12月号(へいせい9ねん12がつ1にち)

高いところは苦手なの

 ときどきカゴを出してもらい、廊下を走り回るたっぷ氏とぴっぴ嬢。廊下の端から端までを飛び回るぴっぴ嬢とは対照的に、外へ出るなり隣のモモ嬢のカゴにエサを探しに行くたっぷ氏は、常に動きがのろい。まるでカメが這っているよう。
 それでも、数十分外に出ていると、廊下のあちこちを動き回り、最後は決まって玄関に置かれている水槽へ登っている。水槽をガラスと壁のわずかな隙間から登っていると、エンゼルフィッシュが威嚇してくる。どうもそれを楽しんでいる様子であるが、情けないことに水槽の上まで上がるとそこから降りることができなくなってしまうらしい。オロオロしながら人間に救いの手を求め、無事下ろしてもらうのである。
 にもかかわらず、数日経ってまた外に出ると、また水槽の上で立ち往生している。懲りないリスである。


水槽の上で途方にくれるたっぷ氏
冬のリスにはご用心


 今年で2回目の冬を迎えるモモ嬢。
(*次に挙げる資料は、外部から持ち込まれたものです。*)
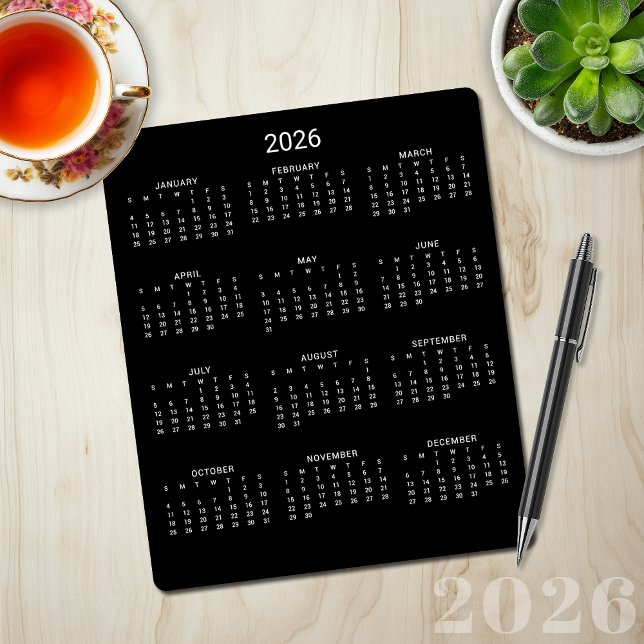 Mousepad Calendário Preto Minimalista Moderno de 2026 (2026 Modern Minimalist Black Calendar Mouse Pad)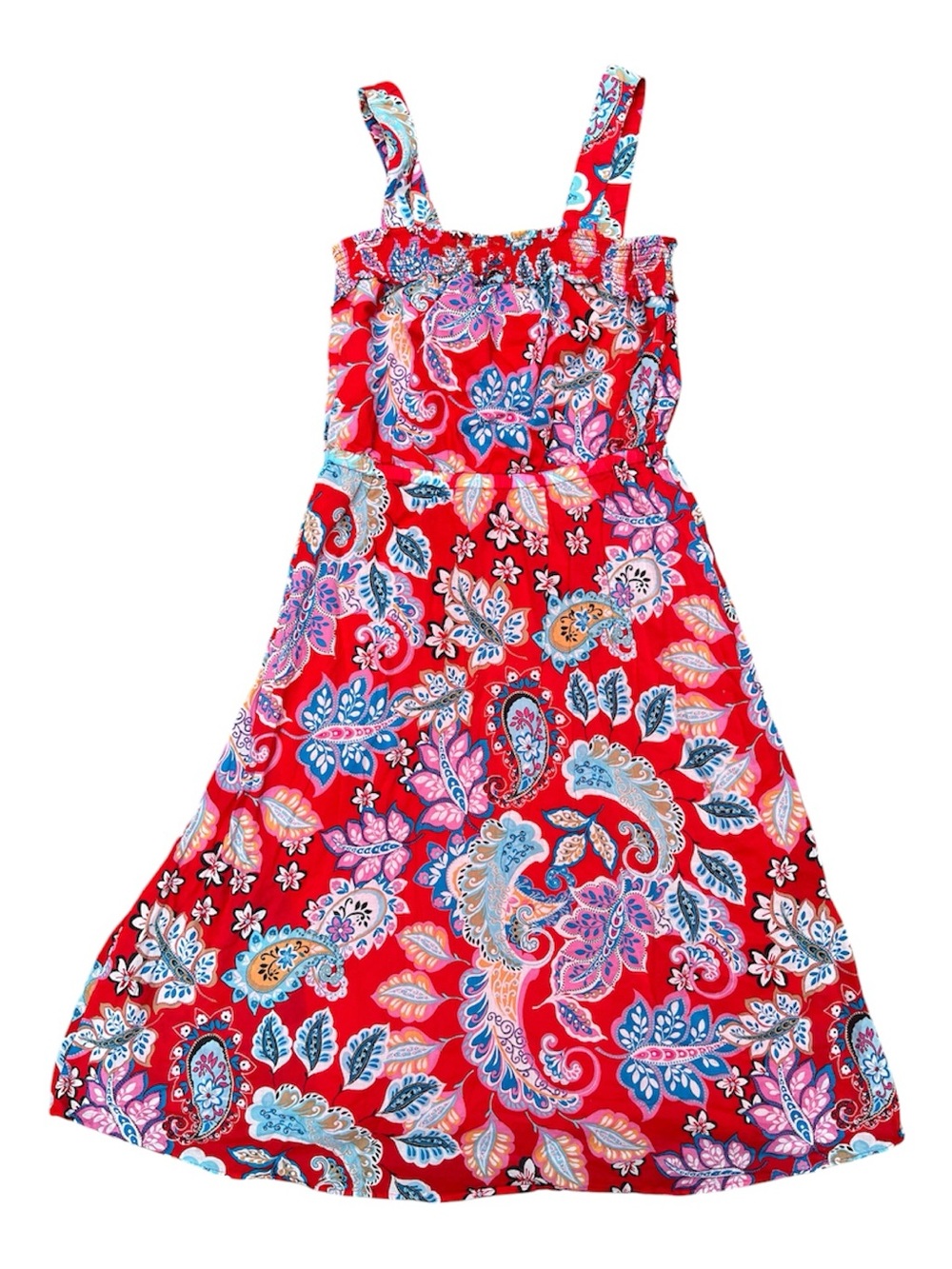 Talbots Red Floral Midi Dress Retro Cotton Comfy Maximalist 8P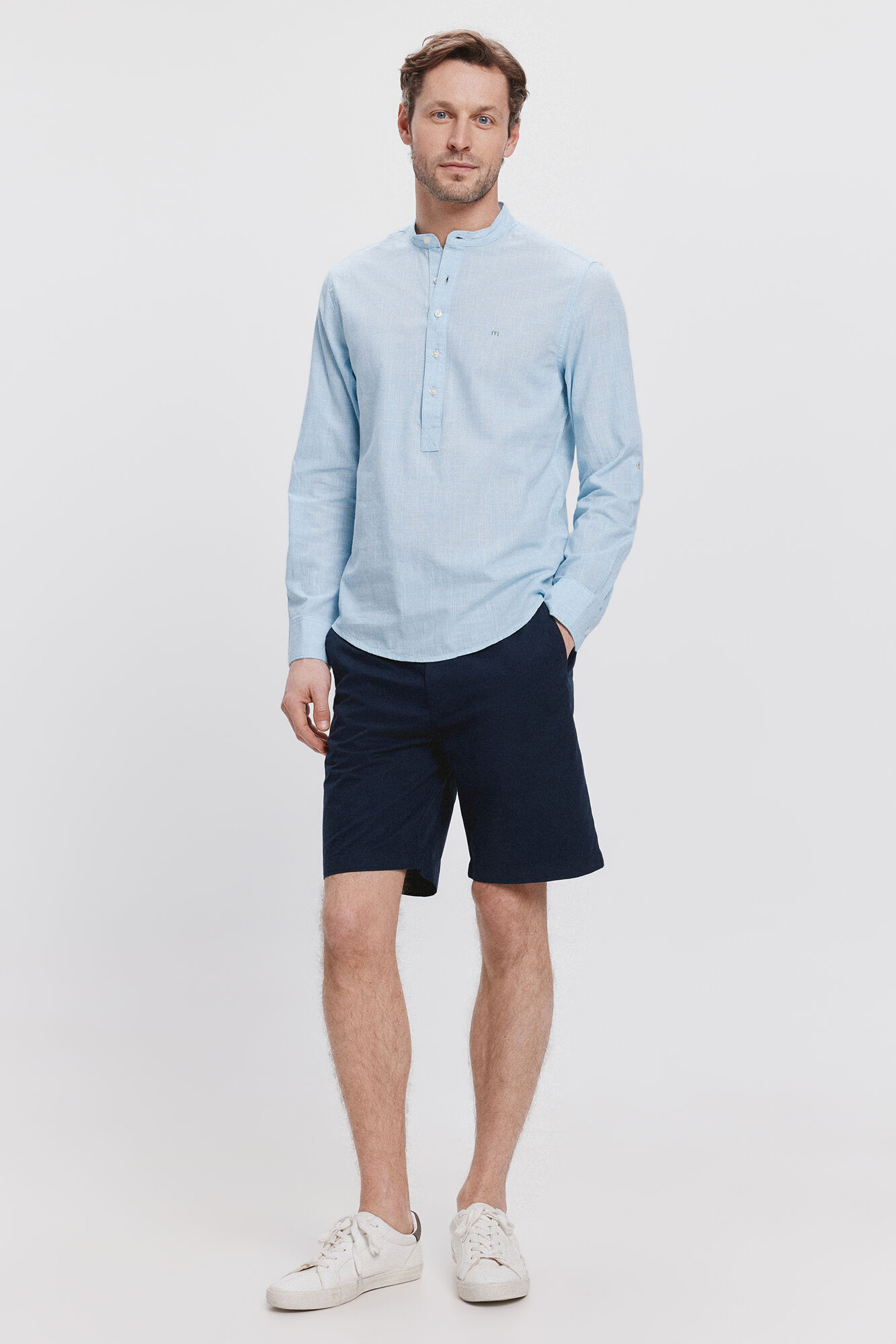 Milano Camisa Mao Polera Azul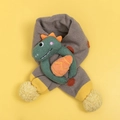 Kids knitted scarf with a cute 3D green dinosaur and soft yellow pompom detail - Grey-Scarf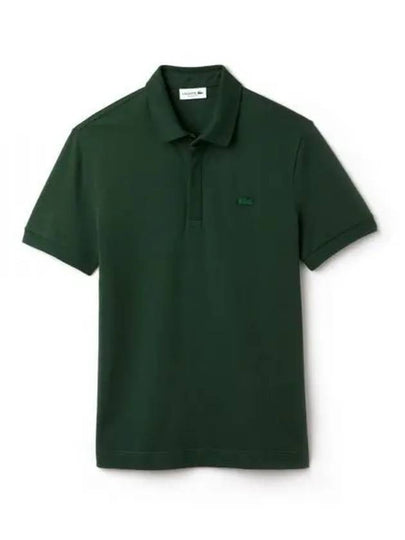 Men's Paris Regular Fit Stretch Cotton Pique Short Sleeve Polo Shirt Green - LACOSTE - BALAAN 2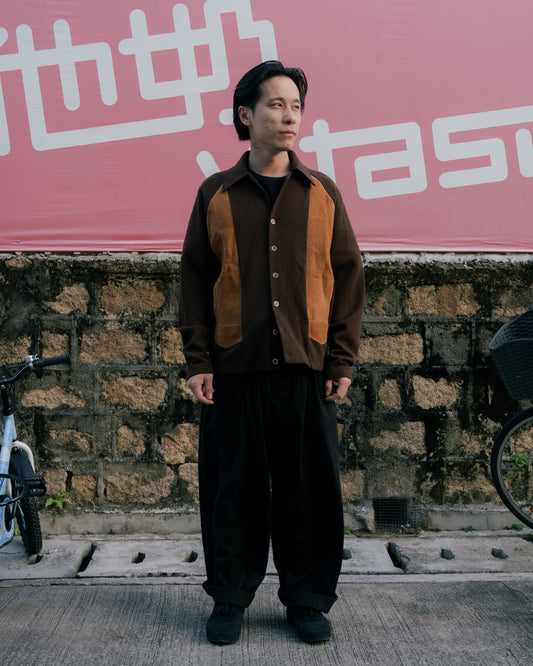 1960-70s Suede Mix Button-Up Cardigan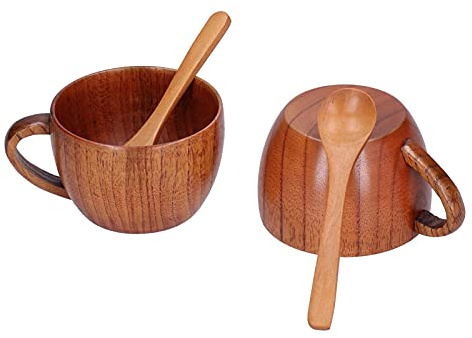 Headerbs Jarra de Cerveza de Madera Jujube, Taza de café con Leche para Bar en Casa, con Cuchara, Estilo Antiguo, de Cumpleaños Ideal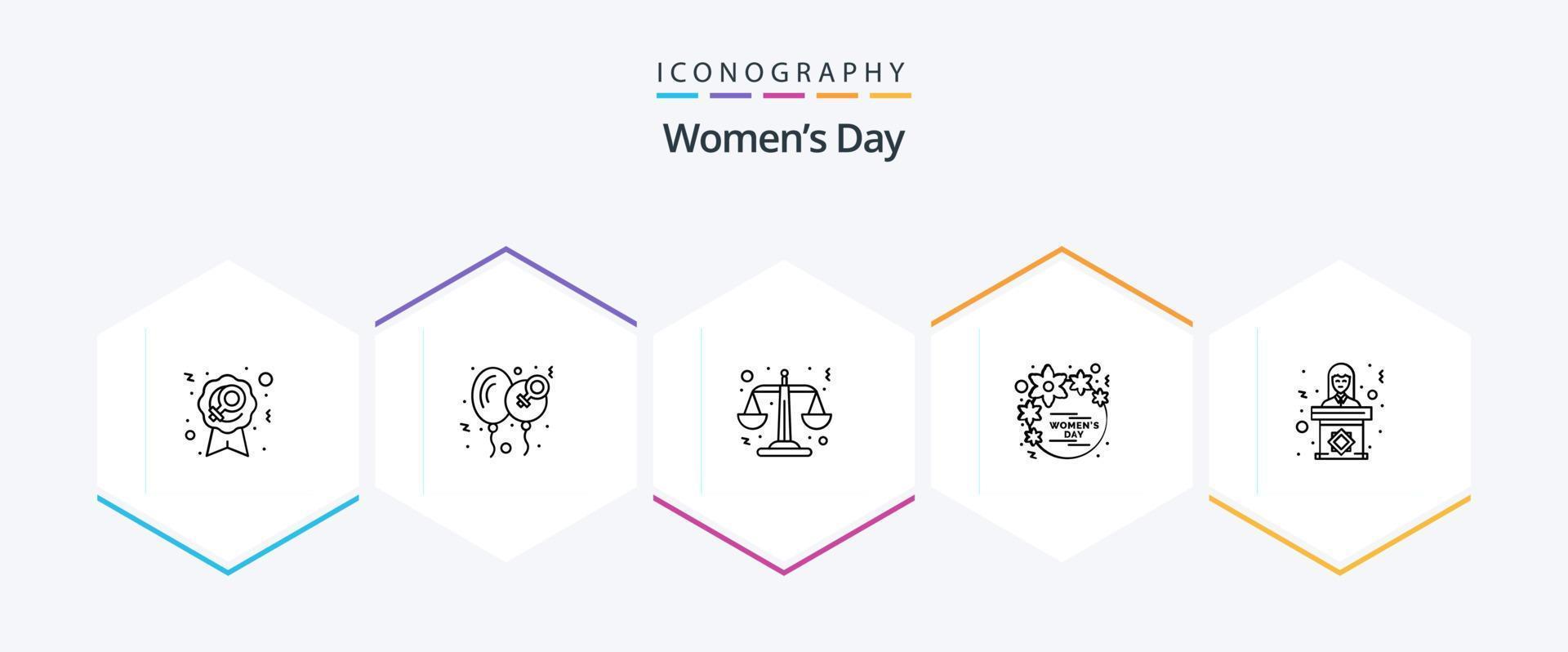 vrouwen dag 25 lijn icoon pak inclusief politicus. Dames. Dames. geschenk. dag vector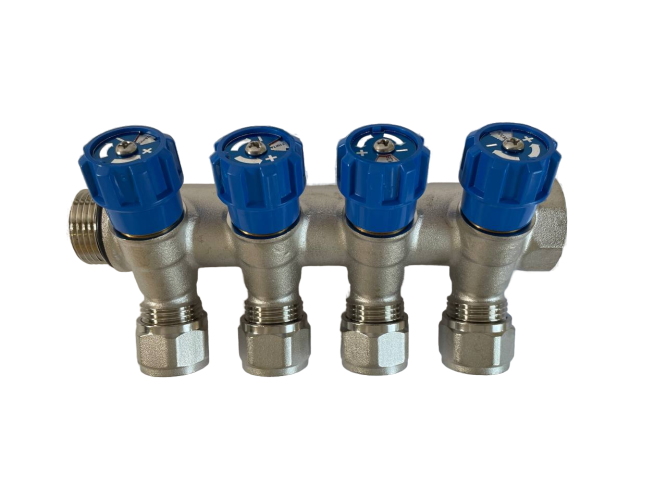 Коллектор 4 выхода х3/4" х1/2"х16 Н-В латунь ZEGOR QS-1642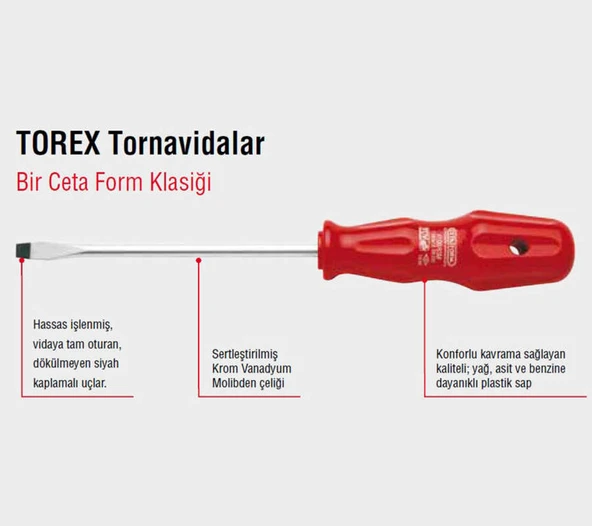 Ceta Form Torex Düz Uçlu Tornavida 8X150 mm - 4100/74M - Resim 2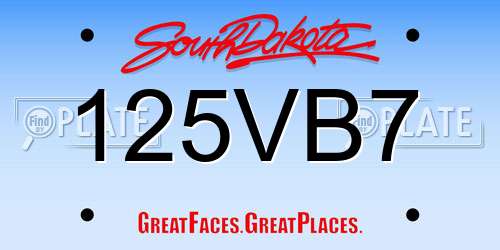 125VB7 South Dakota License Plate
暖かい季節にはとってもラブリーで、エサをもらうのにも人見知りするような彼女は、冬が近づくと突然豹変する。カゴに手を近づけただけで飛びかかってこようとするのである。エサをあげるときにも、いつもなら、カゴの入口を開けようとしただけで、エサを入れる邪魔にならないように二階へぴょんと上がるのが、手に噛みついてエサを奪い取るような行動をする。どうやら冬支度のために気が荒くなるらしい。今はただ、春になって、またラブリーなリスに戻るのを待つばかりである。
 ところで、他のリス、たっぷ氏とぴっぴ嬢には、こういう豹変の様子はない。彼らには、もはや野生はないのかも……。

甘いものがお好き

 普段はのそのそ歩いてぴっぴ嬢に蹴飛ばされているたっぷ氏。ところが、大好物に関してだけは敏感で素早い。
 飼い主がケーキを買って帰ってくると、普段は小屋から出ても来ないくせにバタバタ騒ぎ始め、ぴっぴ嬢がもらった生クリーム付きのイチゴを電光石火の早業でかすめ取るのである。ただ、生クリーム以外には興味はないらしく、きれいに舐め終わるとイチゴはそのままエサ箱に放置している、リスの風上にもおけないヤツである。